Vodafone International Holdings BV had initiated the proceedings in 2014, claiming that the tax liability imposed on it via retrospective amendments to the income tax law violated the principles of equitable and fair treatment under the India-Netherlands Bilateral Investment Treaty.

In an order passed on Friday, the Permanent Court of Arbitration in London found merit in the telecom operator’s arguments, and directed the Indian government to cease the tax demand, interest and penalty against the company. Any failure to comply with these directions will engage the government’s international responsibility, the Permanent Court of Arbitration held.

The respondent’s [Government of India] conduct in respect of the imposition on the claimant [Vodafone International Holdings BV] of an asserted liability to tax notwithstanding the Supreme Court judgment is in breach of the guarantee of fair and equitable treatment laid down in Article 4(1) of the Agreement [India-Netherlands BIT], as is the imposition of interest on the sums in questions and the imposition of penalties for non-payment of the sums in questions.
Award by Permanent Court of Arbitration

The court also directed the government to reimburse 60% of Vodafone’s legal costs and 50% of the fees paid by the company to the appointing authority.

“Vodafone has finally got justice. Hopefully, this award brings an end to all litigation around the issue,” a spokesperson from law firm DMD Advocates told BloombergQuint. Vodafone was represented by senior counsel Harish Salve, Toby Landau QC and DMD Advocates.

What’s The Case About?

The case relates to Vodafone’s 2007 purchase of Indian company Hutch Essar Ltd.

Vodafone International Holdings BV had acquired the entire share capital of CGP Investments (Holdings) Ltd. located in Cayman Islands. As a result of this offshore transaction, Vodafone effectively acquired a 67% interest in Hutch Essar from Hutchison Telecommunication International Ltd.

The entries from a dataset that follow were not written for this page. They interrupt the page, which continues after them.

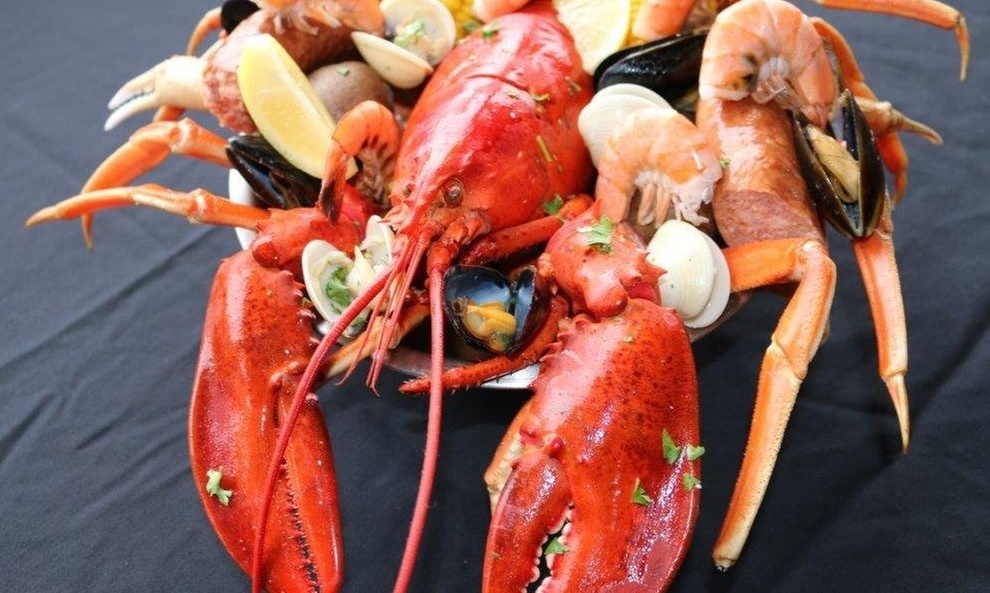 Seafood Lunch and Dinner Choices at Crazy Lobster
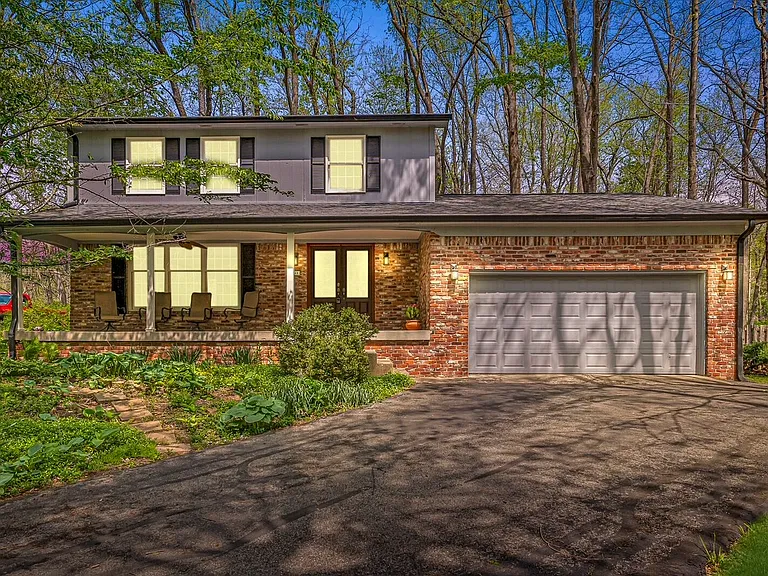 365 Beechwood Dr — Photo 3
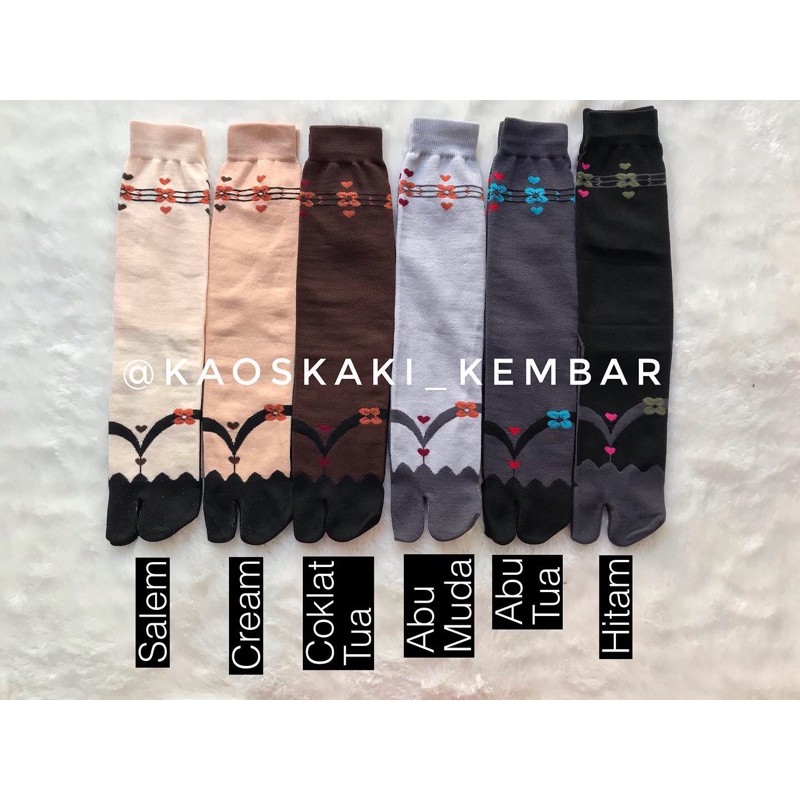 SATU PASANG Kaos Kaki Jempol Nylon Motif Sandal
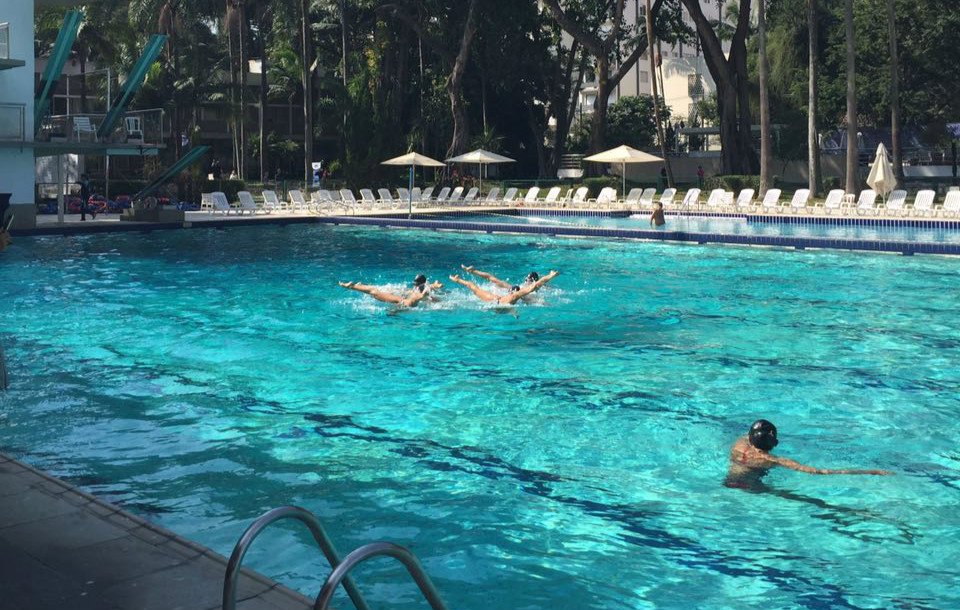 中国花样游泳队完成赛前训练 队员训练状态轻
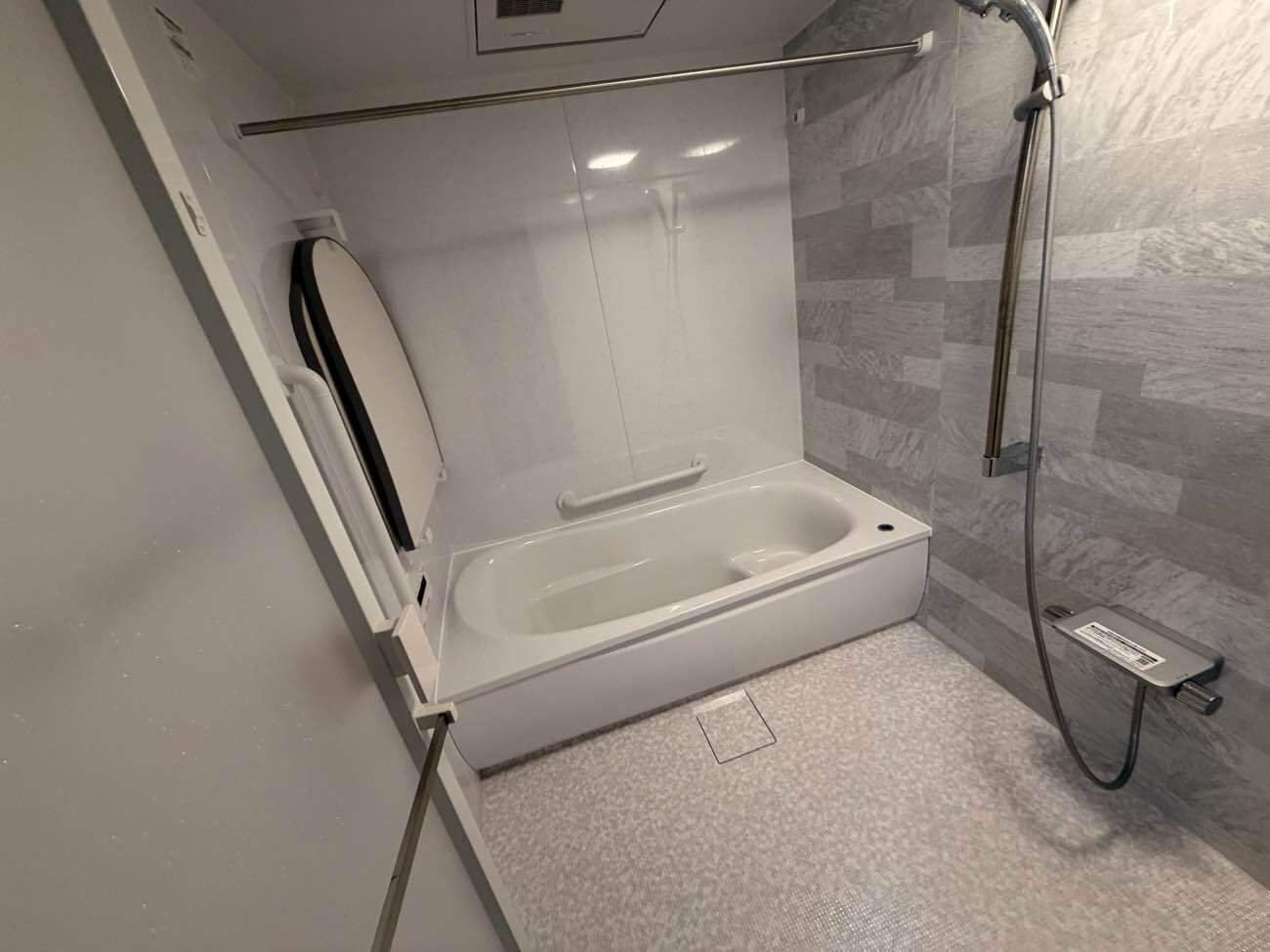 横浜市青葉区T様邸　ユニットバス・内窓事例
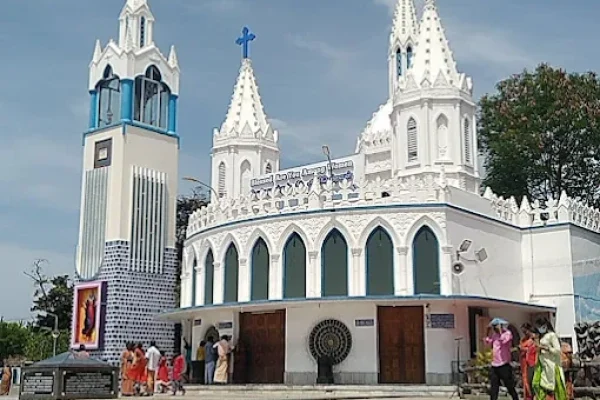 Holy Mother of Snow Church – Pattarvilahe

The revenue department sought to tax this as an offshore transaction between two non-resident companies and asked the Netherlands-based holding company of Vodafone to pay capital gains tax worth around Rs 12,000 crore.

Vodafone contested this demand, and in 2012 won against the tax department before the Supreme Court of India. The apex court held that sale of share in question to Vodafone did not amount to transfer of a capital asset as per the provisions under the Income Tax Act.

Soon after, Parliament passed the Finance Act 2012, approving insertion of two explanations to Section 9 of the tax law. The government positioned these as clarifications saying that income deemed to be accruing or arising to non-residents directly or indirectly through the transfer of a capital asset situated in India is to be taxed in India with retrospective effect from April 1, 1962.

Vodafone contested the tax liability arising out of this retrospective amendment and initiated the arbitration proceedings against the government.